My favorite starting point for scaling is using three separate connection strings in your application, and choose the right one based on the needs of your query:
Realtime - Points directly at the one master server. All writes go to this connection string, and only the most mission-critical reads go here.
Near-Realtime - Points at a load balanced pool of read-only SQL Servers that are getting updated by replication or log shipping. In your original design, these lived on the web servers, but that's dangerous practice and a maintenance nightmare. SQL Server needs a lot of memory (not to mention money for licensing) and you don't want to be tied into adding a database server for every single web server.
Delayed Reporting - In your environment right now, it's going to point to the same load-balanced pool of subscribers, but down the road you can use a technology like log shipping to have a pool of servers 8-24 hours behind. These scale out really well, but the data's far behind. It's great for reporting, search, long-term history, and other non-realtime needs.
If you design your app to use those 3 connection strings from the start, scaling is a lot easier, and doesn't involve any coding complexity - just pick the right connection string.
Have you considered memcached? Since it is:
in memory
can run locally
fully scalable horizontally
prevents the need to re-cache on each web server
It may fit the bill. Check out Google for lots of details and usage stories.
Just some addition to what RickNZ proposed above..
Since your master data which you are caching currently won't change so frequently and probably over some maintenance window, here is what should you do first on database side:
Create a SNAPSHOT replication for the master tables which you want to cache. Adding new entities will be equally easy.

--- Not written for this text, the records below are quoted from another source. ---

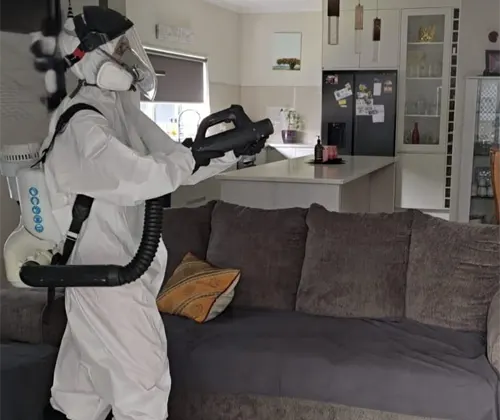fly pest control auckland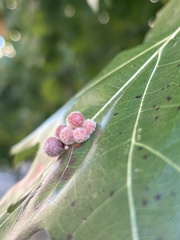 Callirhytis piperoides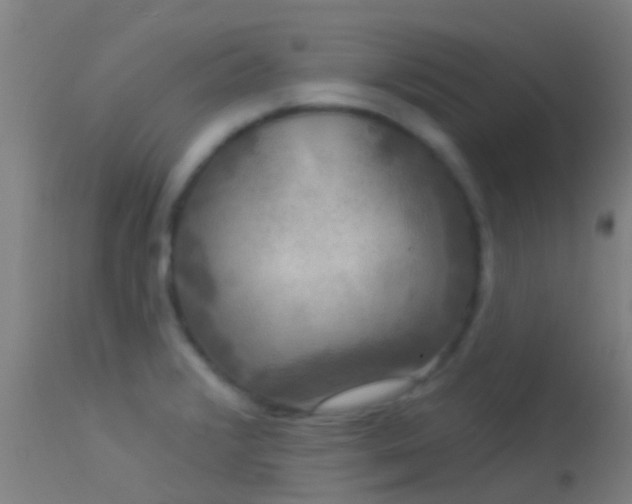 X0000114181376200910151650
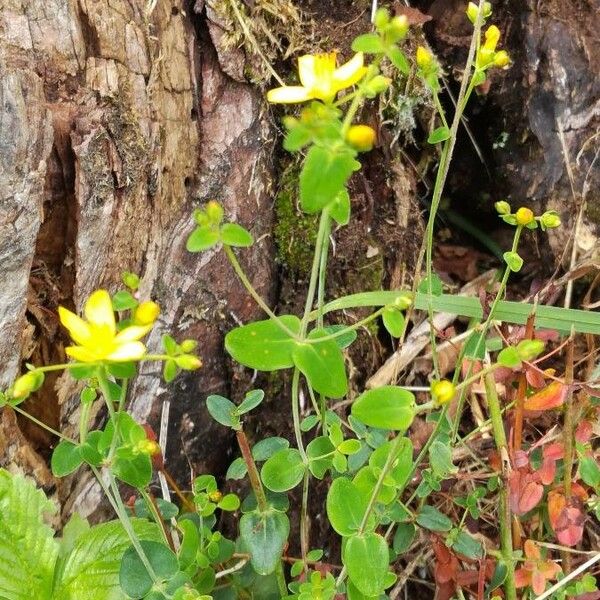 Hypericum pulchrum Leaf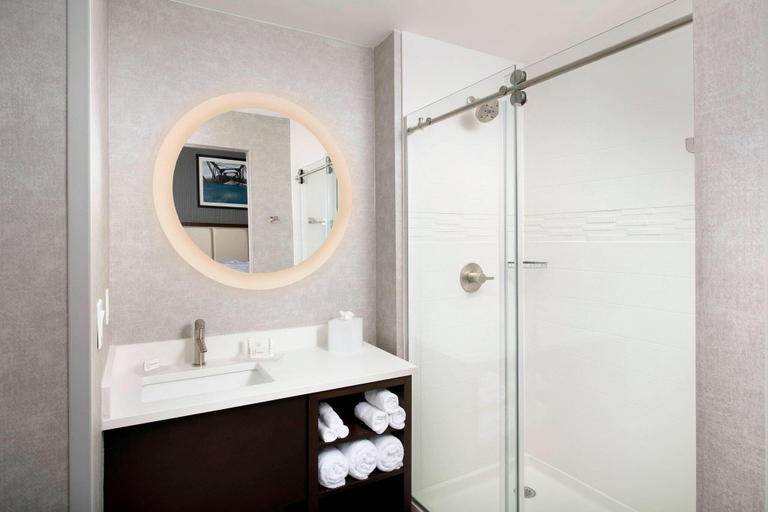 Bathroom 4, SpringHill Suites by Marriott Atlanta Downtown, Atlanta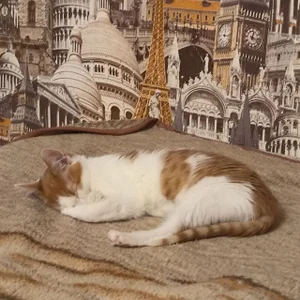 RedLipse My kitty Vifa Immagine  3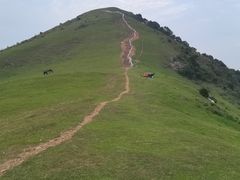 -大姆山草场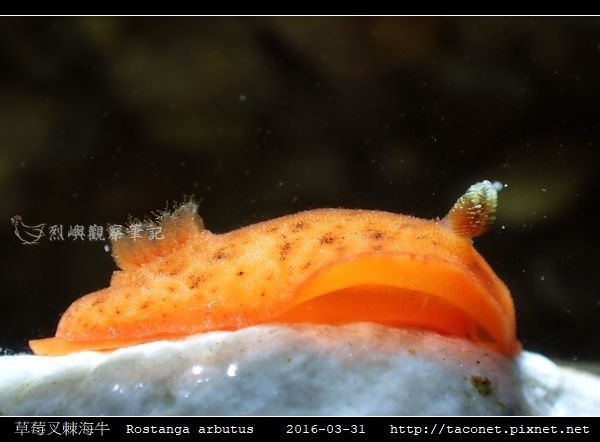 草莓叉棘海牛 Rostanga arbutus_08.jpg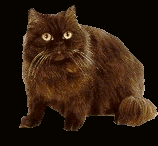 persian kitten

On all the webservers, install SQL Express and subscribe to this Publication.
Since, this is not a frequently changing data, you can rest assure, no much server resource usage issue minus network trips for master data.
All your caching which was available via previous mechanism is still availbale minus all headache which comes when you add new entities.

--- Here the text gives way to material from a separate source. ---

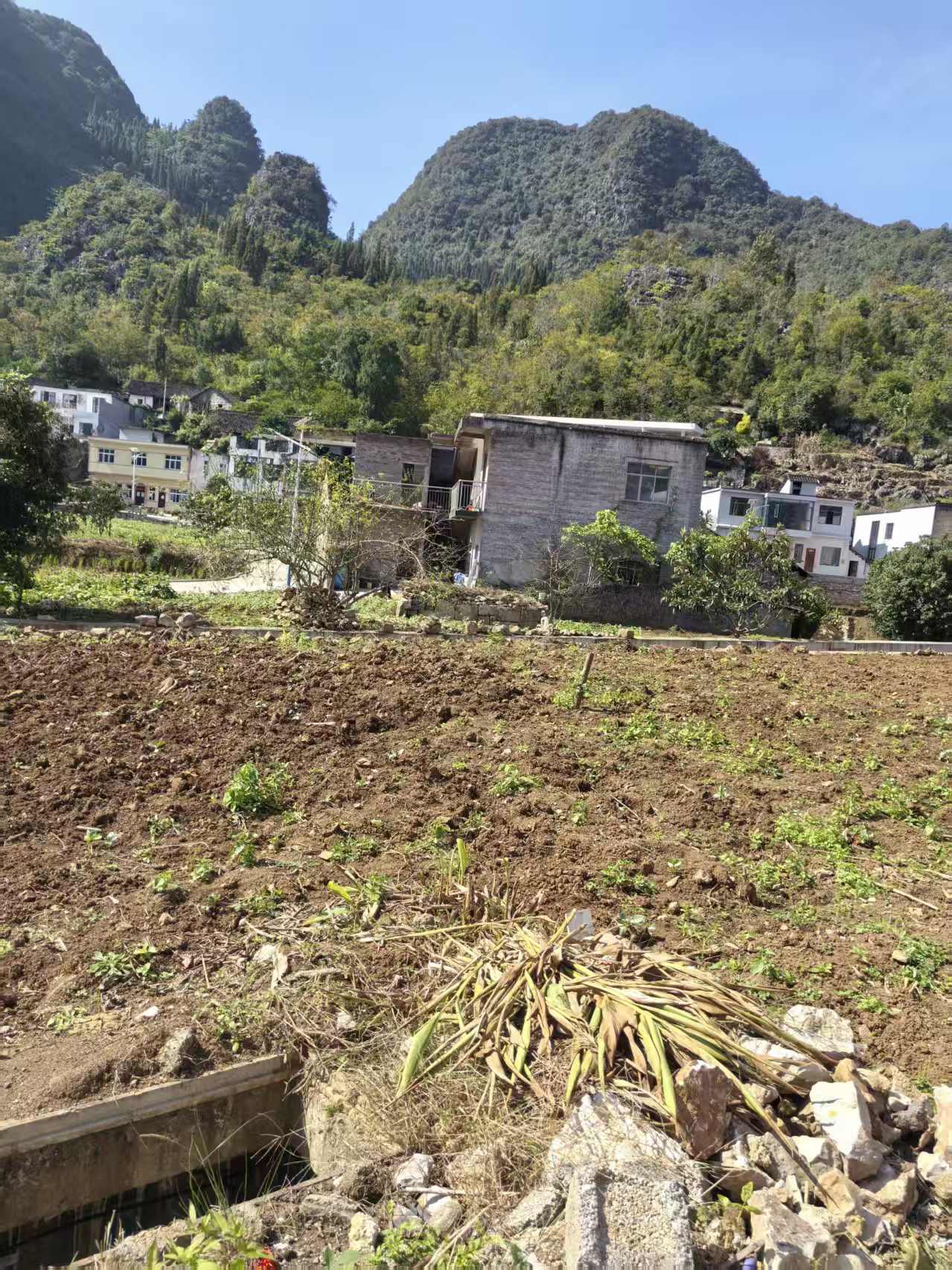 万峰林自有房屋出租----（带偏房后院200平）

Next, you can leverage .NET mechanisms as suggested above. You won't face memcached cluster failure unless your webserver itself goes down. There is a lot availble in .NET which a .NET pro can point out after this stage.
It seems to me that Windows Server AppFabric is exactly what you are looking for. (AKA "Velocity"). From the introductory documentation:
Windows Server AppFabric provides a
distributed in-memory application
cache platform for developing
scalable, available, and
high-performance applications.
AppFabric fuses memory across multiple
computers to give a single unified
cache view to applications.
Applications can store any
serializable CLR object without
worrying about where the object gets
stored. Scalability can be achieved by
simply adding more computers on
demand. The cache also allows for
copies of data to be stored across the
cluster, thus protecting data against
failures. It runs as a service
accessed over the network. In
addition, Windows Server AppFabric
provides seamless integration with
ASP.NET that enables ASP.NET session
objects to be stored in the
distributed cache without having to
write to databases. This increases
both the performance and scalability
of ASP.NET applications.
Have you considered using SqlDependency caching?

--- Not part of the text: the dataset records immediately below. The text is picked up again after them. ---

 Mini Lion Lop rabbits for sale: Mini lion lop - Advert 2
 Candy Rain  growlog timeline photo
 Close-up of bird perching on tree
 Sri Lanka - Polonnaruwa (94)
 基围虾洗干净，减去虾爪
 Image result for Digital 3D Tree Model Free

You could also write the data to the local disk at the web tier, if you're concerned about initial start-up time or DB outages. But at least with a SqlDependency, you shouldn't have to poll the DB to look for changes. It can also be made relatively transparent.
In my experience, adding a DB instance on web servers generally doesn't work out too well from a scalability or performance perspective.
If you're concerned about performance and scalability, you might consider partitioning your data tier. The specifics depend on your app, but as an example, you could move read-only data onto a couple of SQL Express servers that are populated with replication.
In case it helps, I talk about this subject at length in my book (Ultra-Fast ASP.NET).